Maersk presses for Sri Lanka ship agency, logistics ownership liberalisation

ECONOMYNEXT – Danish shipping line Maersk has said it is waiting for Sri Lanka’s government to implement plans to lift the 40% foreign ownership limit on ship agency and freight forwarding firms, which the latter have strongly opposed.

The world’s biggest container shipping line moves one in five containers in Colombo port, which it sees as a strategic hub, Maersk Lines Managing Director for South Asia Steve Felder said.

Lifting foreign ownership limits on ship agency and logistics firms would reduce costs and encourage foreign investment, he told a news conference.

Minister of Finance Mangala Samaraweera announced plans to liberalise the sector in the government’s 2018 budget presented last November, to try to make the island a shipping hub like Singapore and Dubai.

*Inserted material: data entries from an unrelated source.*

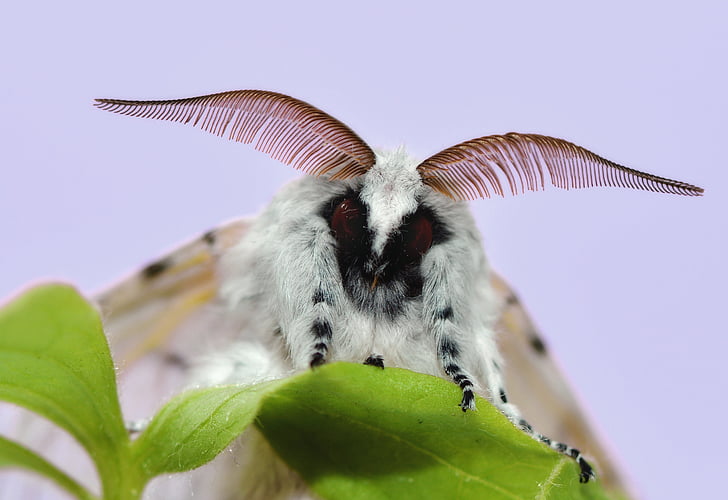 Venezuelan-poodle-moth
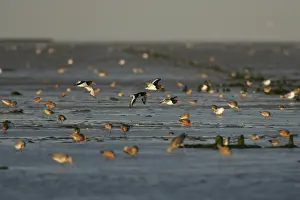 Bird Watching Europe Drucke: Waders, Steltlopers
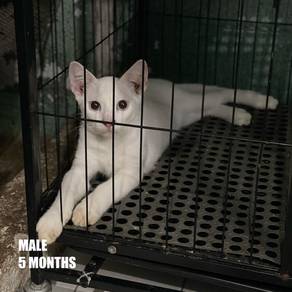 Cat Free Adoption / Kucing Percuma
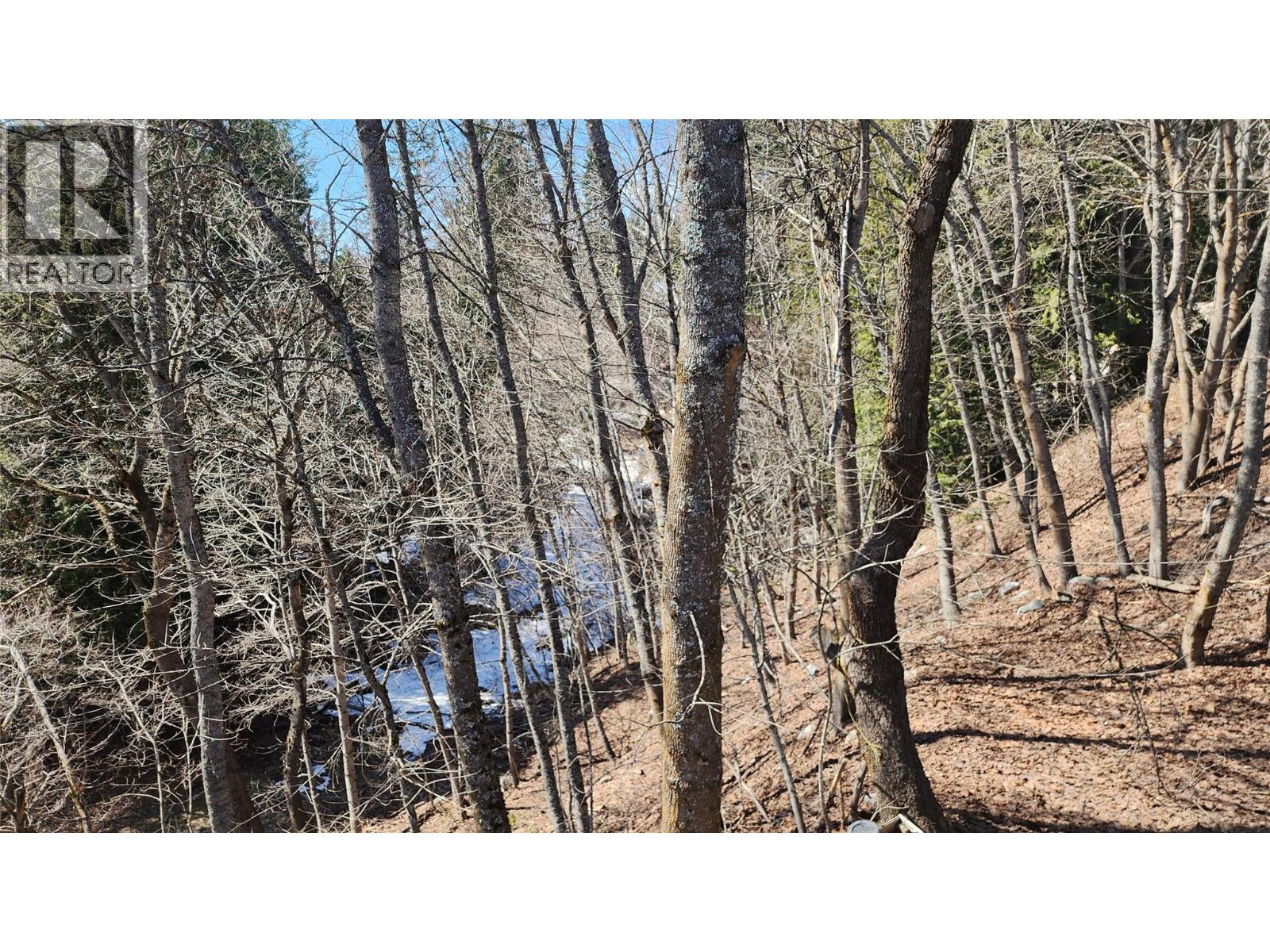 2165 Spokane Street, Rossland, British Columbia  V0G 1Y0 - Photo 17 - 10345005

Felder said it was too early to say what Maersk would do if the shipping sector was liberalised but noted that “just the fact it opens up opportunities would be a good sign.

“We feel the sector should be fully liberalised in terms of ownership like in India.”

 “In a free market trade should flow in line with its own merits and enable importers and exporters to do business,” Felder said.

“Sri Lanka is one of the few countries today that stands out as having not liberalised the sector yet. So we’d like to see the process move to a conclusion,” he said.

“It also will send a strong signal for investors that Sri Lanka is open for business.”

The Ceylon Association of Shipping Agents (CASA),and Sri Lanka Logistics and Freight Forwarders Association(SLFFA) have opposed the move, saying it would put at risk the over 750 local shipping and freight forwarding and clearing agents employing over 12,000 direct staff.

Samaraweera told parliament during the budget debate in December 2017 that five Sri Lankan companies control the agencies of shipping lines that account for 74% of the global shipping market.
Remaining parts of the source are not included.